Work instruction
Beginning with the line containing "122 Viburnum TER, Stittsville" and going on through the line containing "Дом 198м², 2-этажный, участок 2 сот.", the lines below are to be returned exactly, pictures excluded and nothing added.

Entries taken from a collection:
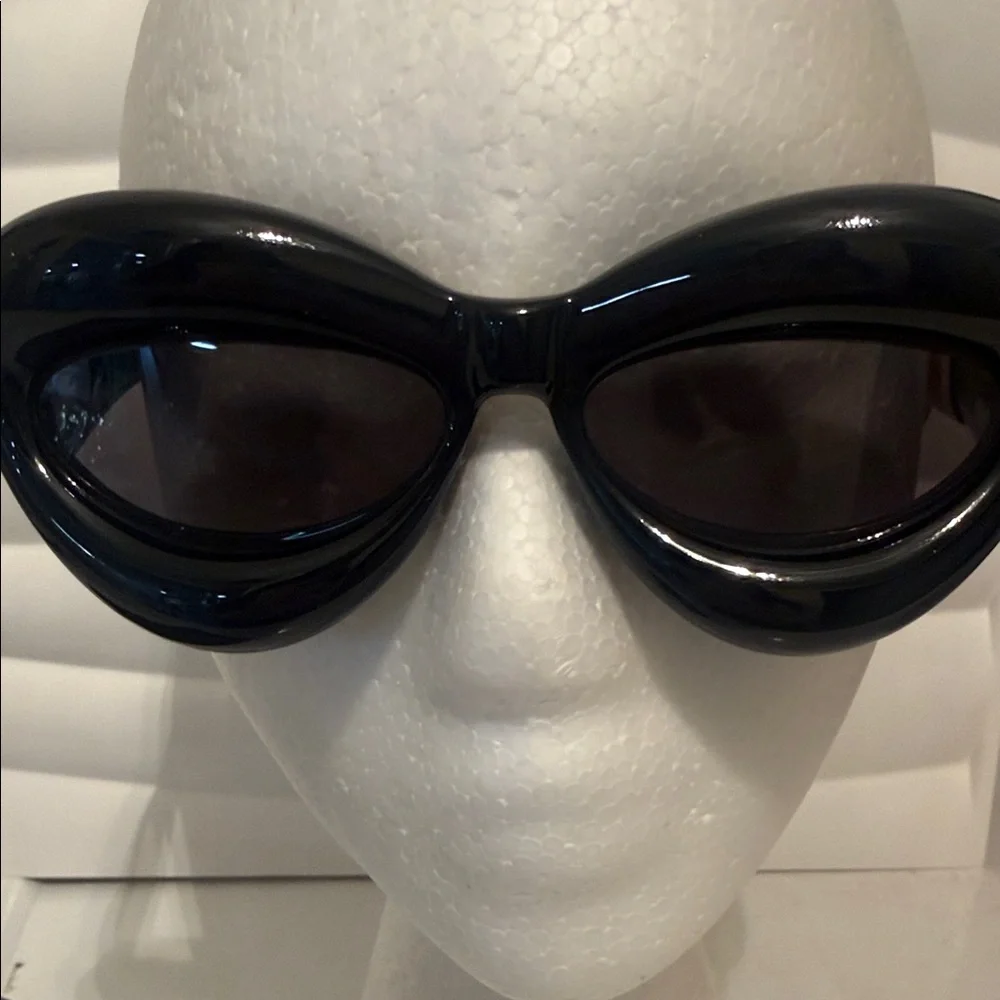 Loewe Black Oversized Sculptural Sunglasses - Picture 3 of 5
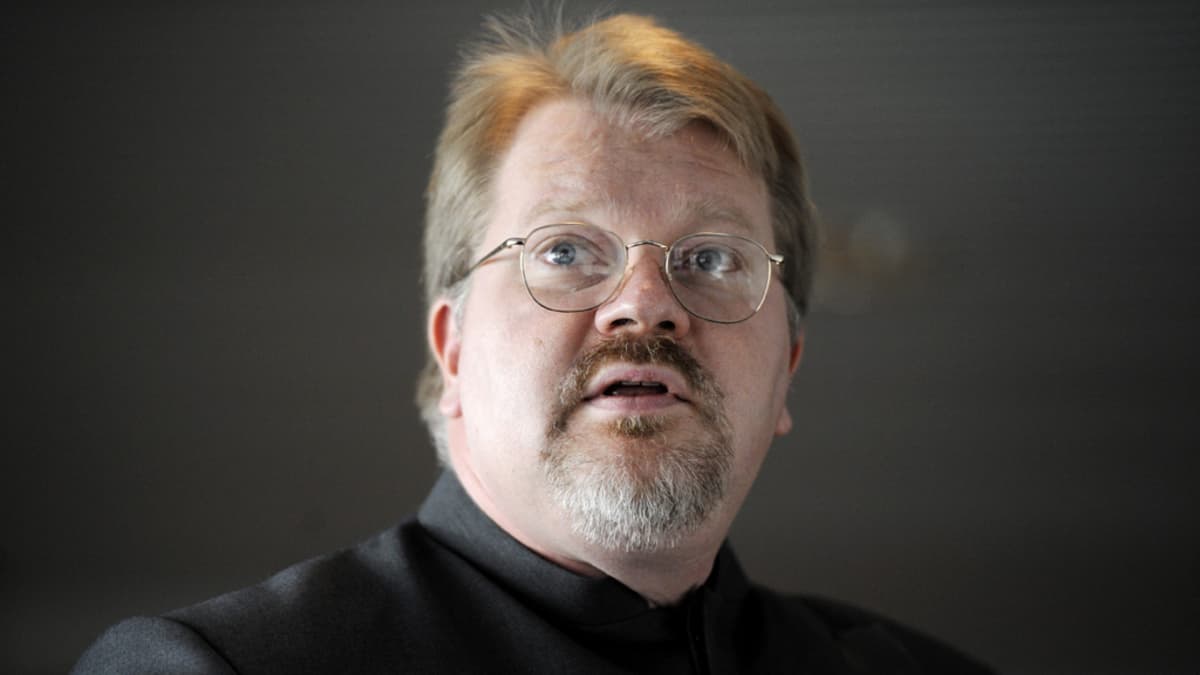 Dosentti Bäckman: Venäjän mediassa voin rähjätä | Yle Uutiset
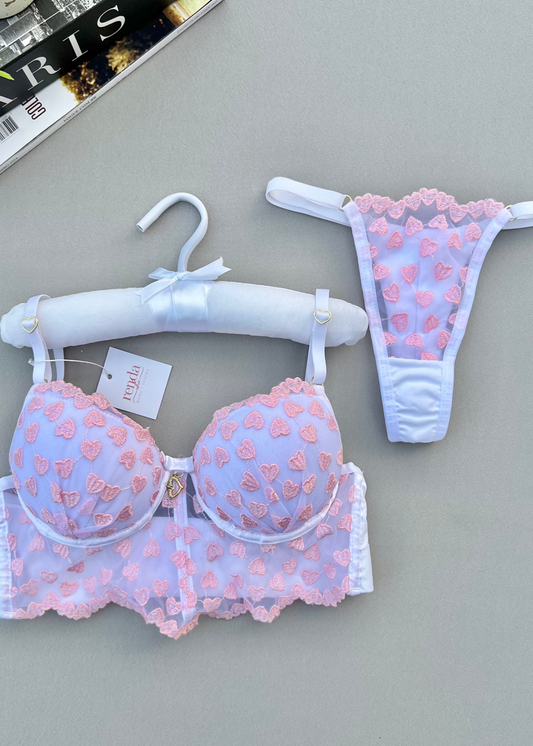 Édition White and Light Pink— Combo 4 peças: Conjunto de pijama curto + Conjunto Coeur Sauvage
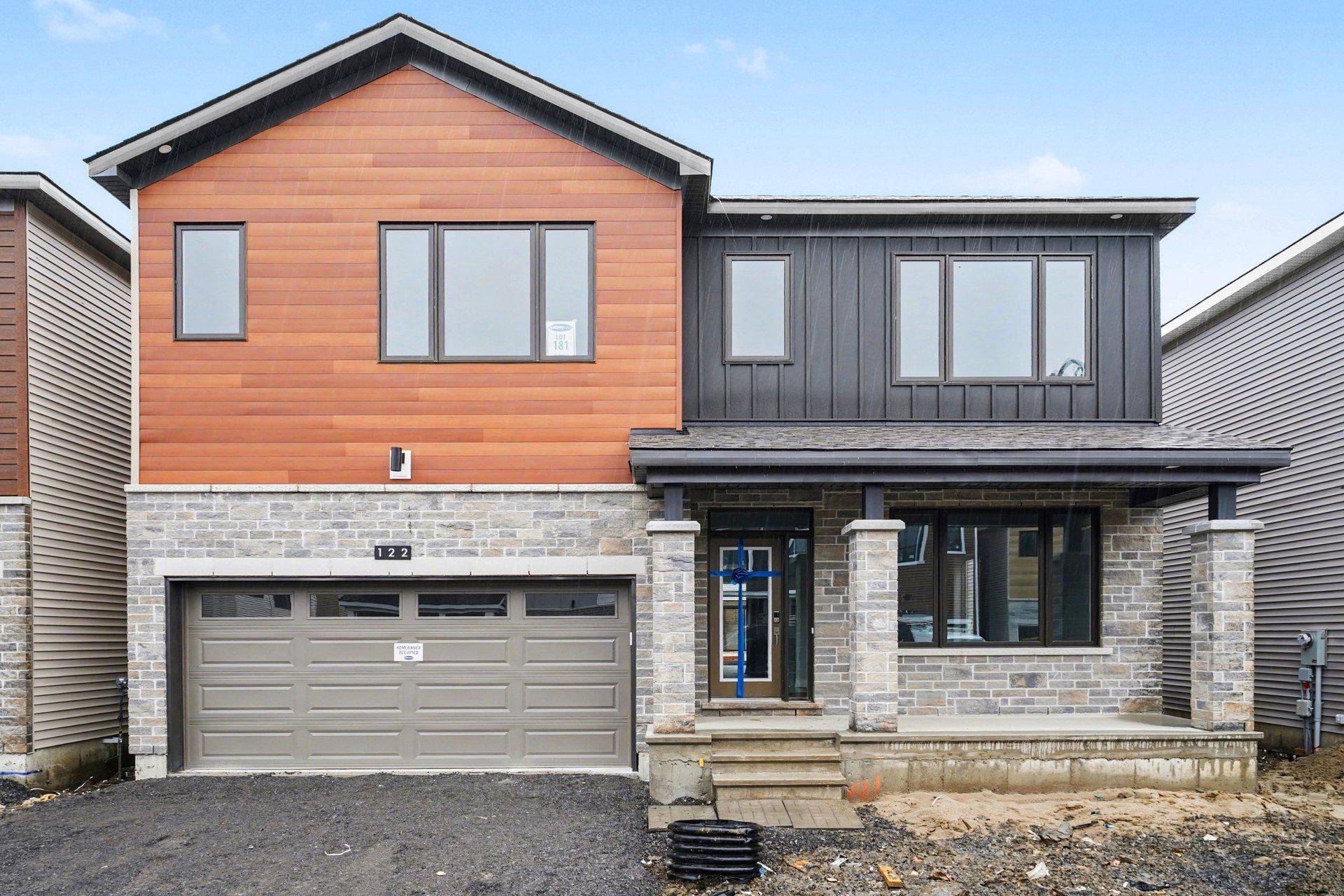 122 Viburnum TER, Stittsville - Munster - Richmond, ON K0A 2Z0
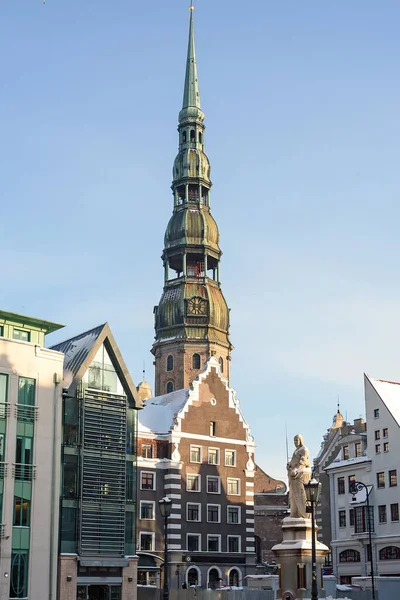 Spire Van Sint Pieterskerk Het Centrum Van Oud Riga — Stockfoto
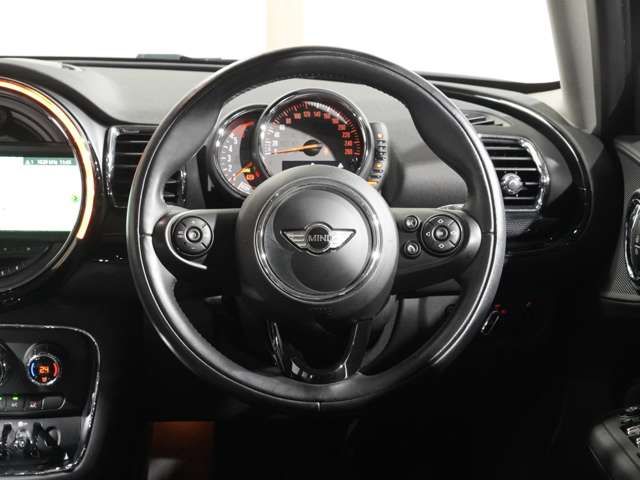 BMW MINI COOPER D CL 2017 Image 31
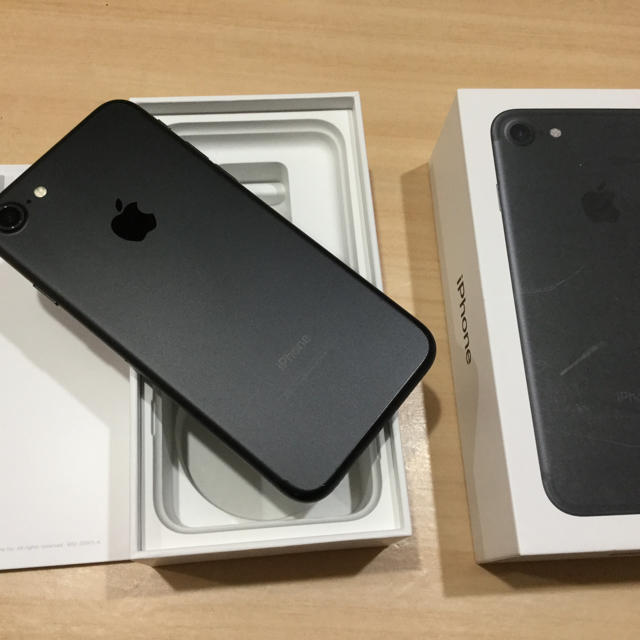 スマートフォン本体iphone7 SIMフリー 32GB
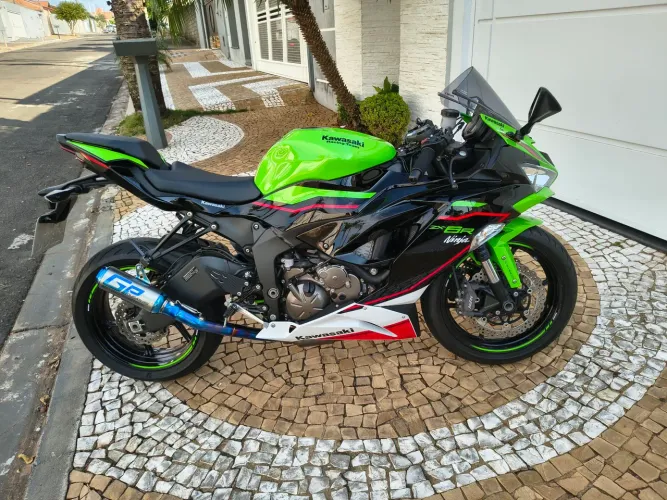 Kawasaki ninja zx6r.  3.289 km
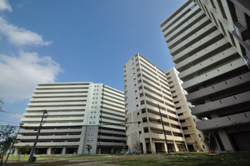 写真：正面広場と4号棟、1号棟、5号棟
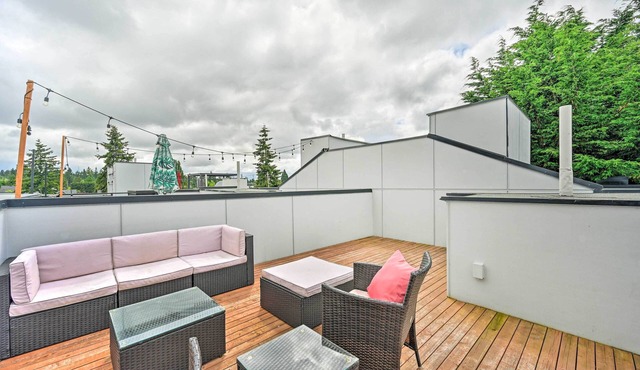Seattle Townhome: Rooftop Deck < 7 Mi to Dtwn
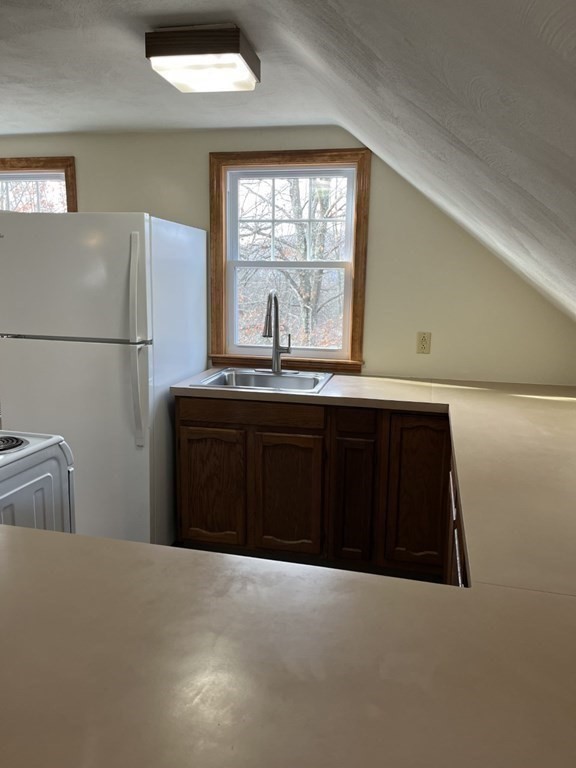 51 Hastings Ave # C Property Photo 6
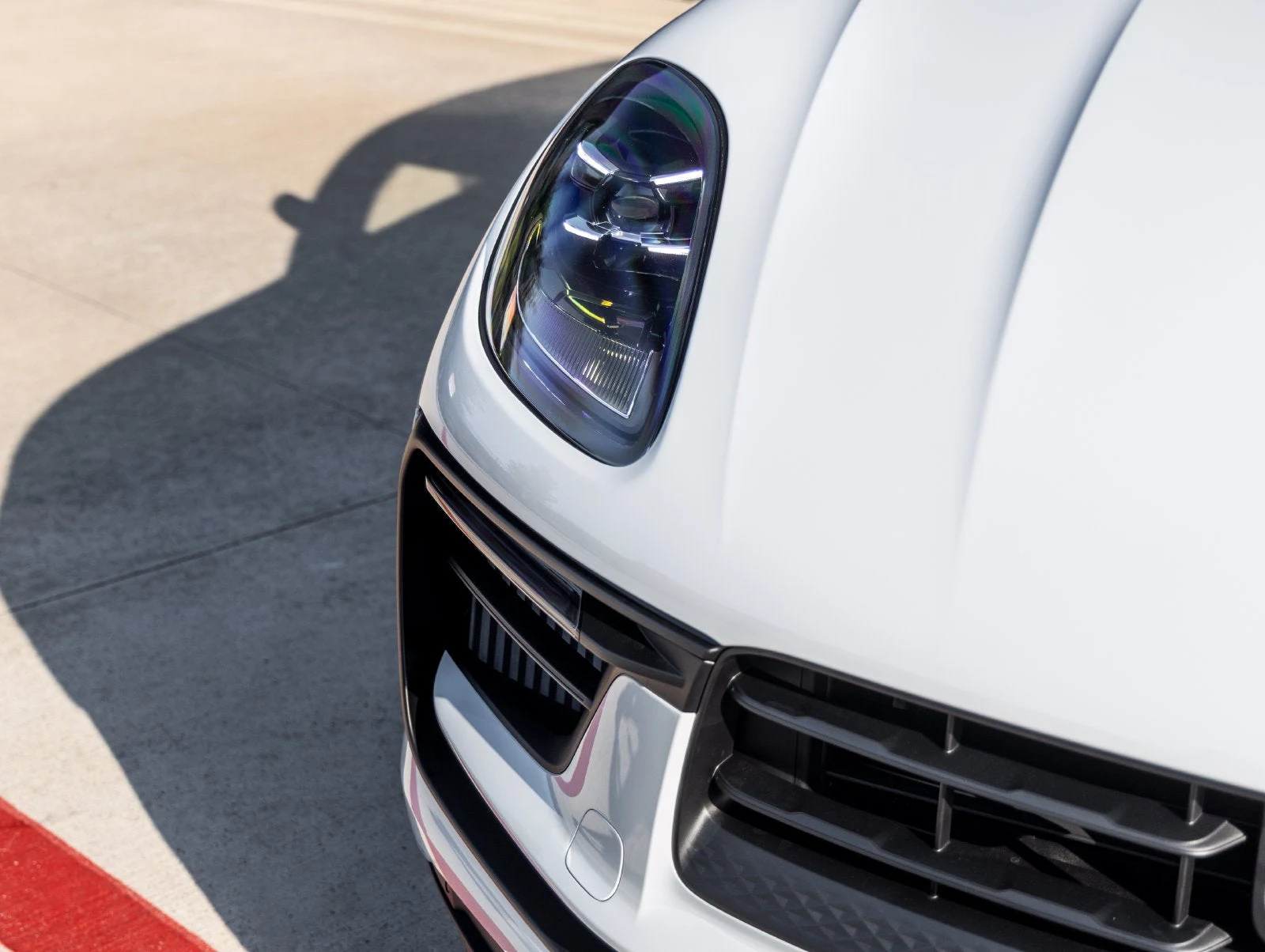 2026 Porsche Macan S (95B), 18/20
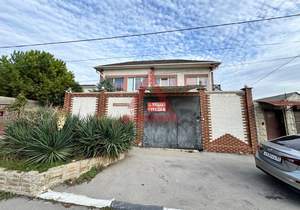 Дом 198м², 2-этажный, участок 2 сот.  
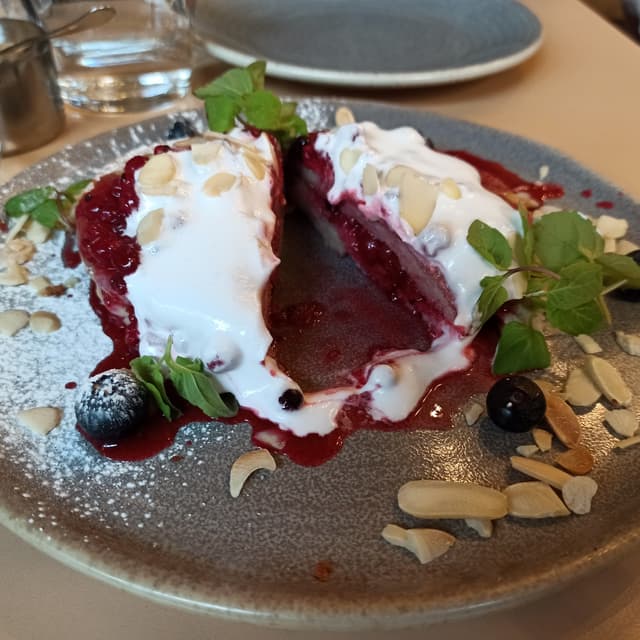 Black Forrest Berries at Where The Pancakes Are - Review by @gingerica ...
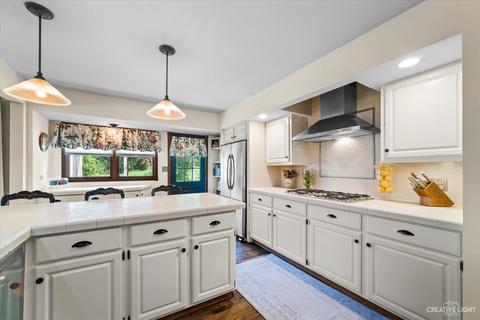 90 Forestview Dr, Elgin, IL 60120 photo 9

Written reply
 122 Viburnum TER, Stittsville - Munster - Richmond, ON K0A 2Z0
 Spire Van Sint Pieterskerk Het Centrum Van Oud Riga — Stockfoto
 BMW MINI COOPER D CL 2017 Image 31
 スマートフォン本体iphone7 SIMフリー 32GB
 Kawasaki ninja zx6r.  3.289 km
 写真：正面広場と4号棟、1号棟、5号棟
Seattle Townhome: Rooftop Deck < 7 Mi to Dtwn
 51 Hastings Ave # C Property Photo 6
 2026 Porsche Macan S (95B), 18/20
 Дом 198м², 2-этажный, участок 2 сот.  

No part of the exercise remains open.